When feeding saltwater fish/shrimps etc we recommend using Artemia disinfectant in the hatch & rinsing with water before feeding.

Pollution will quickly kill a hatch. Ammonia builds up fast from the waste material produced by the nauplii & the decomposition of shell casings. Every living item produces ammonia on decomposition. Normally this is converted through the nitrogen cycle but their is insufficient time in a hatching jar to remove it.

Storage of eggs is also something you should consider. Whilst freezing is thought to be OK in some publications we don't recommend it. You can't take it out of the deep freeze & expect good hatches the next day. Nature doesn't work like that for Artemia eggs. We recommend storing in a normal fridge temperature of +3°C. Taking out enough eggs for a weeks hatch & keeping in a sealed airtight container at room temperature to let the cysts come to temperature gradually.
A common quiery we get in eggs not hatching is caused by customers taking eggs straight out of the fridge & hatching.

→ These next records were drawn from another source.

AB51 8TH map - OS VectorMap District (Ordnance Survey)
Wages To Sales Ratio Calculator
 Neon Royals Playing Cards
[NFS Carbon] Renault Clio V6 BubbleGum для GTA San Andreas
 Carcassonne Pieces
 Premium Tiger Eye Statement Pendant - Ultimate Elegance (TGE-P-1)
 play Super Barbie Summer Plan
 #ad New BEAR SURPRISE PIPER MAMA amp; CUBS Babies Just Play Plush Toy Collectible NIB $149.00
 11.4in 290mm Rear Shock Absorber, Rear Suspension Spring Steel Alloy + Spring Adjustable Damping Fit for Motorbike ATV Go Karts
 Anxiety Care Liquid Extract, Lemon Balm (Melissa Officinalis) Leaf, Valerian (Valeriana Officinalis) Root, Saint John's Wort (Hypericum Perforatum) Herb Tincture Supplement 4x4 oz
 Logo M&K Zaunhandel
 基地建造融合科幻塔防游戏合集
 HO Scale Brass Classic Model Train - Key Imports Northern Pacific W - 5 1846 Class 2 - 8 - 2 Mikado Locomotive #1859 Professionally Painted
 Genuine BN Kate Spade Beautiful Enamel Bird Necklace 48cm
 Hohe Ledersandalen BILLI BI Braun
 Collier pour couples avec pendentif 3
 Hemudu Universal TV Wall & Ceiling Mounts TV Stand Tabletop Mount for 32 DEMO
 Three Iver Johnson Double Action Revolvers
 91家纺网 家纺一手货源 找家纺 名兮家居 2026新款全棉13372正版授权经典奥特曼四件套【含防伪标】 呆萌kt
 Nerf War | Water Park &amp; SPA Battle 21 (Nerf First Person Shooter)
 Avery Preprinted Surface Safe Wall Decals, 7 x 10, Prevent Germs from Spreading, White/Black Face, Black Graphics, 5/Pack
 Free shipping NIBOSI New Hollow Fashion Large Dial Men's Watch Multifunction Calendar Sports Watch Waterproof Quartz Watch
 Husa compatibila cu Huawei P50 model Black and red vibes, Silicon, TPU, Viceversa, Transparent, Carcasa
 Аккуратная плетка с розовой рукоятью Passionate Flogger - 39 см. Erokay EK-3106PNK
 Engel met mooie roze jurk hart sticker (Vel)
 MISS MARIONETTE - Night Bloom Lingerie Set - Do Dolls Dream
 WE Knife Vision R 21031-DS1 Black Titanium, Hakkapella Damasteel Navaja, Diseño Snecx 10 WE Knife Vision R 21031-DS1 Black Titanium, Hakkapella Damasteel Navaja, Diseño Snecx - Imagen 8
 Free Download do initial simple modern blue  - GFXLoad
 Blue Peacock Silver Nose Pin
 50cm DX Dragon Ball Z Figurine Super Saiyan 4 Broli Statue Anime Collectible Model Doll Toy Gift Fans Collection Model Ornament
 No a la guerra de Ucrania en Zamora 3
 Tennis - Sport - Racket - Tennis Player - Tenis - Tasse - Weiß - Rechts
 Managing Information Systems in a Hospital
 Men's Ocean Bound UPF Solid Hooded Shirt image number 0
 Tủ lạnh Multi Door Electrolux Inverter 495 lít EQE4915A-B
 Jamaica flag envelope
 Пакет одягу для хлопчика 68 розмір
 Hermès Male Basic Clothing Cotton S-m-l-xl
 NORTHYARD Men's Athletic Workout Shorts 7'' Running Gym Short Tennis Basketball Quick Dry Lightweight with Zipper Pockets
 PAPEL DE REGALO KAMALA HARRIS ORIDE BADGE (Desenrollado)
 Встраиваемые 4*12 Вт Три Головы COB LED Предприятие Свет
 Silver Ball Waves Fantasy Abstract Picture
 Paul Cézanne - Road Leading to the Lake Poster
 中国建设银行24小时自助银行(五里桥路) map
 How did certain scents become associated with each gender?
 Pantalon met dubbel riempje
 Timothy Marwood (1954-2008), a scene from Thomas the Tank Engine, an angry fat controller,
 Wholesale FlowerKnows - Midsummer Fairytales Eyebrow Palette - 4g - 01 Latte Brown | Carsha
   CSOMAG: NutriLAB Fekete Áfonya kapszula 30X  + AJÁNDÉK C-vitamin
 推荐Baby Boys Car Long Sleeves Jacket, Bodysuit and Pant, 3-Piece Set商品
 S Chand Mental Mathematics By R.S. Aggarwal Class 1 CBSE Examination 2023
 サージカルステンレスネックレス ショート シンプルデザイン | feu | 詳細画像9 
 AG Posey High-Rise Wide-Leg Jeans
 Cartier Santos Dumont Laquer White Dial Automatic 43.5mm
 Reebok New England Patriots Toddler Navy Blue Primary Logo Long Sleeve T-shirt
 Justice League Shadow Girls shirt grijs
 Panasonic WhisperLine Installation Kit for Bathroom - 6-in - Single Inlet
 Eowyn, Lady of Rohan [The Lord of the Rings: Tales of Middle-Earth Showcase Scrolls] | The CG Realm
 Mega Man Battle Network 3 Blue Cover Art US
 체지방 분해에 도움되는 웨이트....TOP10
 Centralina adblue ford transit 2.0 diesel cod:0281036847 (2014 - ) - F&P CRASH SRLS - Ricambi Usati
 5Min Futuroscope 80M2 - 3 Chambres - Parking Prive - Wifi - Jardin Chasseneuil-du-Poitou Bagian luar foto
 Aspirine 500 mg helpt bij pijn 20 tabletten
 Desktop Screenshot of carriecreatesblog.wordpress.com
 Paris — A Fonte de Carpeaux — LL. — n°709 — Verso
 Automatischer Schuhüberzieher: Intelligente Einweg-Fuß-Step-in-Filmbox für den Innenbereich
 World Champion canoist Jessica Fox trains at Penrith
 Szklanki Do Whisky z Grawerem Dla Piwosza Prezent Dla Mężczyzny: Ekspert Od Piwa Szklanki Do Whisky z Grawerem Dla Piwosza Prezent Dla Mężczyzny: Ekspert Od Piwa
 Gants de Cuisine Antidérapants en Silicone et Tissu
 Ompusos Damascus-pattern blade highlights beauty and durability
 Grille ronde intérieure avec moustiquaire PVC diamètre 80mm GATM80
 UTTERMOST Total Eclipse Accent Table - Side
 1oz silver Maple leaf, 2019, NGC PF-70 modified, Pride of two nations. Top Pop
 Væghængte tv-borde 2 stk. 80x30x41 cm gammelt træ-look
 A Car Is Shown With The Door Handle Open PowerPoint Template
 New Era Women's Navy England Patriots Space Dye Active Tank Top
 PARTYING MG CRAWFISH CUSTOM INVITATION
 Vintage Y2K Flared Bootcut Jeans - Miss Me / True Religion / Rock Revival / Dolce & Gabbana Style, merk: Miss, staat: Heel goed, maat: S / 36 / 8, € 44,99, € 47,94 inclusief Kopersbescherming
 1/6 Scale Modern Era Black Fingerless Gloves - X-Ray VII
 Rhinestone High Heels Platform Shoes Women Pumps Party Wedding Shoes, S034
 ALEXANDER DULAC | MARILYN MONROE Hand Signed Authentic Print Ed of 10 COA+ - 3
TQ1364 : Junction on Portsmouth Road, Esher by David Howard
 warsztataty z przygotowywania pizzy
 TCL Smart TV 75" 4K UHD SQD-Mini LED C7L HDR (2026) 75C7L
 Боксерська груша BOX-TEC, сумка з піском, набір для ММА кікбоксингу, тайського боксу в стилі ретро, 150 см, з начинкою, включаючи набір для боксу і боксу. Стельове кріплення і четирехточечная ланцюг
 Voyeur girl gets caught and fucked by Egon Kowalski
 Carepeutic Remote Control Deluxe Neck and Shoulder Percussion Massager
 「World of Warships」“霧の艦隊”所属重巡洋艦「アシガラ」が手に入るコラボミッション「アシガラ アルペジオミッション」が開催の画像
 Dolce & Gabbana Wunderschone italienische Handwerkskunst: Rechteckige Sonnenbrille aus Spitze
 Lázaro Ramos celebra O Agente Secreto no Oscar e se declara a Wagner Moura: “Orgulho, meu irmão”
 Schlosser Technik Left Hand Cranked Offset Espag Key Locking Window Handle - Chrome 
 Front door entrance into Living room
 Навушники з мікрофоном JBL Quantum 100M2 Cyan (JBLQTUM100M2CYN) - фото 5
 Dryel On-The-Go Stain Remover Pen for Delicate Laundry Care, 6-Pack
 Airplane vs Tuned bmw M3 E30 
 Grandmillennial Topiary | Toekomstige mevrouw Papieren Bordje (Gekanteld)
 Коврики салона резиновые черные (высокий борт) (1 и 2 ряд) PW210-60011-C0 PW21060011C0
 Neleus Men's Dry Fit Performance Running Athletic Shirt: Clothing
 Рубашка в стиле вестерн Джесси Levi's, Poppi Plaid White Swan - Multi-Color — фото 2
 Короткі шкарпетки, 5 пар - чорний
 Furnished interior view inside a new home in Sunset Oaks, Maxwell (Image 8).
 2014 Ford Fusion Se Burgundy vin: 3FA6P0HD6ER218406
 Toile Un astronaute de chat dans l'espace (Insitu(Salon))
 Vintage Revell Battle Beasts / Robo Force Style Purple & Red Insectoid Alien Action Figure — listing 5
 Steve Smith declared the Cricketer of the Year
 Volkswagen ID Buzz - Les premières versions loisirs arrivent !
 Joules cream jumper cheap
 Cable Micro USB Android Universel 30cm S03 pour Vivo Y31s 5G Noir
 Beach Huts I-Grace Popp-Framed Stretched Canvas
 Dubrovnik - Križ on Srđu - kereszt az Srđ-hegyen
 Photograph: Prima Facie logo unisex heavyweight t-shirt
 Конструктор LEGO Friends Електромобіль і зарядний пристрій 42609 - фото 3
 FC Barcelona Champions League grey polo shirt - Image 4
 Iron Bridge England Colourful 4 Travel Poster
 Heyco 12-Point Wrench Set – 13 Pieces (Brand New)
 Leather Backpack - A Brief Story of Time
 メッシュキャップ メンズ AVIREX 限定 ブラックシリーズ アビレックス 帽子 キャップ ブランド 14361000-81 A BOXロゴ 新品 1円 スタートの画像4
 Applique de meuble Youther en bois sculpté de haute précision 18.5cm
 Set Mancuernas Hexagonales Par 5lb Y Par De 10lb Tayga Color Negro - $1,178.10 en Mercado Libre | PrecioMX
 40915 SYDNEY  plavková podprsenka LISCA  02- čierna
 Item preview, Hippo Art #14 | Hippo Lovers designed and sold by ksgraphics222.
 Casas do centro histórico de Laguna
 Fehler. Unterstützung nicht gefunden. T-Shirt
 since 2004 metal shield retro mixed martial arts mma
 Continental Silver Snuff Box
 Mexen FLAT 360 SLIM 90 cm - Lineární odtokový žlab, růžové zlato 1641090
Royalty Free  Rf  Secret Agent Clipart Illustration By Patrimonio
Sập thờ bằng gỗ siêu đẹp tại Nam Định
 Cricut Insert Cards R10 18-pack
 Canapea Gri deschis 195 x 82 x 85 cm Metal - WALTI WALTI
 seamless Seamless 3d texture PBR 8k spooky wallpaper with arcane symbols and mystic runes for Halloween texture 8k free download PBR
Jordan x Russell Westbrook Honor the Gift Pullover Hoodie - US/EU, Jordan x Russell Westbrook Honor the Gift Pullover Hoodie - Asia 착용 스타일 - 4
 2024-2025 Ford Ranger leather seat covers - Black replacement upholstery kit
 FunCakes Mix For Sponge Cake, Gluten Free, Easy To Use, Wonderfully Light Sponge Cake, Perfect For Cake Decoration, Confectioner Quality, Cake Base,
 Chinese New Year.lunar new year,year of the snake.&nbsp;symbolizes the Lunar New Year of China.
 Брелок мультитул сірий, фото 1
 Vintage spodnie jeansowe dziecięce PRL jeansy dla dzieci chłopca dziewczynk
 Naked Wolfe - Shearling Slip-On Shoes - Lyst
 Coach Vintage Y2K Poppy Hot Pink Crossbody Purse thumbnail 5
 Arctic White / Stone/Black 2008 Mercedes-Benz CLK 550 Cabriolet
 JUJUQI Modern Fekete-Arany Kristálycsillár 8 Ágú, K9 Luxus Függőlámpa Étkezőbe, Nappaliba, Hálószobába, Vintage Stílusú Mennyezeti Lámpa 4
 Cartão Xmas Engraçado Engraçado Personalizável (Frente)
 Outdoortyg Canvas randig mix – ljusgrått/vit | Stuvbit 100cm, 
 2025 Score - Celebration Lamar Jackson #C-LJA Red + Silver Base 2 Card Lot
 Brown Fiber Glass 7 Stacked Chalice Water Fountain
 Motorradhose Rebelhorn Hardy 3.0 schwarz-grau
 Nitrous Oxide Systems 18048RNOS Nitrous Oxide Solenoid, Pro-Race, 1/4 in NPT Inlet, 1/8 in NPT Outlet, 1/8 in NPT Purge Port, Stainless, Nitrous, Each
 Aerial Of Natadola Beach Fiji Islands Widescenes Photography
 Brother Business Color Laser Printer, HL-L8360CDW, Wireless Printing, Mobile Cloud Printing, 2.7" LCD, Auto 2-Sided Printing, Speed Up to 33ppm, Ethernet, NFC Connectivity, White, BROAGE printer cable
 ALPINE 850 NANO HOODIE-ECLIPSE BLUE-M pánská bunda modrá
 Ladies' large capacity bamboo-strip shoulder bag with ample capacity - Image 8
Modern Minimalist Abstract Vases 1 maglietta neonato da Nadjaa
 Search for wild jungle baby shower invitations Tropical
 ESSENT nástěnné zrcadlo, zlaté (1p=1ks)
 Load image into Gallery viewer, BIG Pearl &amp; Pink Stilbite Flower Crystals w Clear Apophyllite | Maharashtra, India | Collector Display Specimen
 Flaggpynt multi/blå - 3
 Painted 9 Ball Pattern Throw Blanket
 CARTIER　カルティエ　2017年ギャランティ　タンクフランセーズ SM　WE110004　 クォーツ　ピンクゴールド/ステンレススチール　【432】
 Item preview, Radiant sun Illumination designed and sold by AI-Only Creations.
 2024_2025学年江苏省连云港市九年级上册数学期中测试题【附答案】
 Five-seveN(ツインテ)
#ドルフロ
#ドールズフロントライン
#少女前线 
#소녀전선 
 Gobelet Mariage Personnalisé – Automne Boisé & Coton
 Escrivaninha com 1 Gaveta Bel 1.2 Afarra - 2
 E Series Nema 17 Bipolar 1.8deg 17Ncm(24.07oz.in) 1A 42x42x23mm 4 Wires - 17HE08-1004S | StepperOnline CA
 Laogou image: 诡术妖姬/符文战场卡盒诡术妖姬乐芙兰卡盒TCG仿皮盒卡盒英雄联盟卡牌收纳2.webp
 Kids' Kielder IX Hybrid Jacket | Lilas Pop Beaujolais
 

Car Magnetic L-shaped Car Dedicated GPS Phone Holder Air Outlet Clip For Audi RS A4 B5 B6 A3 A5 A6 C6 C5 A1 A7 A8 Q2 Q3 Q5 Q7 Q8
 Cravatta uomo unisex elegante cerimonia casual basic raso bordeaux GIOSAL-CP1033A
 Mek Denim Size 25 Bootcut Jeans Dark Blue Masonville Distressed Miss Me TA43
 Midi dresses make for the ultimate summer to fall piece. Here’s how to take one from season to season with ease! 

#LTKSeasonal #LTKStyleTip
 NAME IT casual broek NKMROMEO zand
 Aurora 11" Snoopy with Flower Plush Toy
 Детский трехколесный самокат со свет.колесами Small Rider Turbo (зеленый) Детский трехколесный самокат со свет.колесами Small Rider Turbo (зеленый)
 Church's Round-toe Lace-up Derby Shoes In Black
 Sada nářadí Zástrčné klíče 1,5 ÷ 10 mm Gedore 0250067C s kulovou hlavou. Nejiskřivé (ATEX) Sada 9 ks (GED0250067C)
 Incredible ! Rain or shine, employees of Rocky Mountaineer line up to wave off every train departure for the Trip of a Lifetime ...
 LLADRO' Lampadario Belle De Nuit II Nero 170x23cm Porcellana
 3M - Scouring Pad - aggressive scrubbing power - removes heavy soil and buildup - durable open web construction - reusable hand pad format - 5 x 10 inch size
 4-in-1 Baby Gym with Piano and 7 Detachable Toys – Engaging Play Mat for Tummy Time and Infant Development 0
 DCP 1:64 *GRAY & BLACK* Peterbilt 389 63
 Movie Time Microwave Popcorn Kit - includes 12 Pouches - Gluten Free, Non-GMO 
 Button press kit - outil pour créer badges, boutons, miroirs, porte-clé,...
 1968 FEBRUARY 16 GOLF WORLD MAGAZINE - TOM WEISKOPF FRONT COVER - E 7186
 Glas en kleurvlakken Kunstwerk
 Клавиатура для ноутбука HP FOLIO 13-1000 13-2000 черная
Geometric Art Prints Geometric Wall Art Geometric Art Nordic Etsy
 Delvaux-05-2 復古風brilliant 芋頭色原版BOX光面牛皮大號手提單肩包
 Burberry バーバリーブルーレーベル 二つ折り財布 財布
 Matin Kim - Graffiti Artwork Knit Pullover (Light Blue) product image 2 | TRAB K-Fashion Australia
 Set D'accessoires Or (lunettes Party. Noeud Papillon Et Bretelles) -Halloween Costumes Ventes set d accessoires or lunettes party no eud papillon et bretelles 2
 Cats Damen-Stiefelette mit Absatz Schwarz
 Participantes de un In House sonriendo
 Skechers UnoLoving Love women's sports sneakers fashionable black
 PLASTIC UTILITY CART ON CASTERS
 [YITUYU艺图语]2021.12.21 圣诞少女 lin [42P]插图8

Eventually they will hatch in a few days but leaving some out at room temperature for a few days before attempting a hatch is much better.
Also please be aware that posting during winter months can cause delays in hatching if the package is caught in a cold spot en route. This is a common feedback point in eggs not hatching. Eggs will take 60 hours to hatch from deep cold.
Airtight containers are a real must for proper storage. Oxygen is the biggest hazard & will kill eggs off quickly. Our Siberian eggs are unlike US packed eggs in that they are nitrogen flushed to drive out oxygen & have a preservative for increased shelf life. This preservative is used extensively in the human food chain so is completely safe. It is commonly mistaken for salt.
Eggs will last for years if stored correctly.

January 2012 - We have noticed a few customers experiencing problems hatching Siberian eggs. After extensive experimentation this was due to trying to hatch too many eggs in too small a water volume. The water was cloudy & frothy. Orange blobs of unhatched nauplii were seen in the hatch with no live nauplii. The excuse of 'I have done it like this in previous batches' has been given.
Look guys - these are living things in dry incubated storage & sometimes they don't hatch to order.

Remember the golden rules - Hatch in harder water with a pH of above 7 (slightly alkaline). Salinity around SG 1·020. Higher temperatures mean a shorter hatching time. If they don't hatch reduce the amount of eggs you try to hatch.

Fishkeepers will always have other ideas which work for them. The principles above have been learned through experimentation over many years. If something else works for you - keep doing it.